Lines from the one containing "Snapshot of LiaWoow" through the final line of the records are the only ones to copy, and each must match exactly.

• [Saved entries]

[Start of Attachment]

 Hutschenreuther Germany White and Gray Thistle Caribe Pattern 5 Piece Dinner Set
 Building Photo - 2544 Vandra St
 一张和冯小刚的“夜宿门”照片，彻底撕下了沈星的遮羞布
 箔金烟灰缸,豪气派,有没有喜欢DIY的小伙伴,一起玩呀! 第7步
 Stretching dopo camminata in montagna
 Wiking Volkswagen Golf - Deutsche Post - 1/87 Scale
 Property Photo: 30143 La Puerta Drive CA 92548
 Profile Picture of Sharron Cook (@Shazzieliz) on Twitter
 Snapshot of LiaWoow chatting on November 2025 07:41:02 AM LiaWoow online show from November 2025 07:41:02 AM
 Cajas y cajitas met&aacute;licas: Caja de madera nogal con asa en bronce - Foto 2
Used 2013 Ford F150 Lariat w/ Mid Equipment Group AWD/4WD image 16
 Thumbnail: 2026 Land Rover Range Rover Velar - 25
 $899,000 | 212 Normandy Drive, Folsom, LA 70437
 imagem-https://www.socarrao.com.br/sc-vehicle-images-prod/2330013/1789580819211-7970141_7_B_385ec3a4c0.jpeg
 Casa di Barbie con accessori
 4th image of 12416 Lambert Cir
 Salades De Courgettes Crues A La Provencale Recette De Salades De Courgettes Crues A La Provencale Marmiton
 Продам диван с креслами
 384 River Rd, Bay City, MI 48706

[End of Attachment]

• [The answer]
 Snapshot of LiaWoow chatting on November 2025 07:41:02 AM LiaWoow online show from November 2025 07:41:02 AM
 Cajas y cajitas met&aacute;licas: Caja de madera nogal con asa en bronce - Foto 2
Used 2013 Ford F150 Lariat w/ Mid Equipment Group AWD/4WD image 16
 Thumbnail: 2026 Land Rover Range Rover Velar - 25
 $899,000 | 212 Normandy Drive, Folsom, LA 70437
 imagem-https://www.socarrao.com.br/sc-vehicle-images-prod/2330013/1789580819211-7970141_7_B_385ec3a4c0.jpeg
 Casa di Barbie con accessori
 4th image of 12416 Lambert Cir
 Salades De Courgettes Crues A La Provencale Recette De Salades De Courgettes Crues A La Provencale Marmiton
 Продам диван с креслами
 384 River Rd, Bay City, MI 48706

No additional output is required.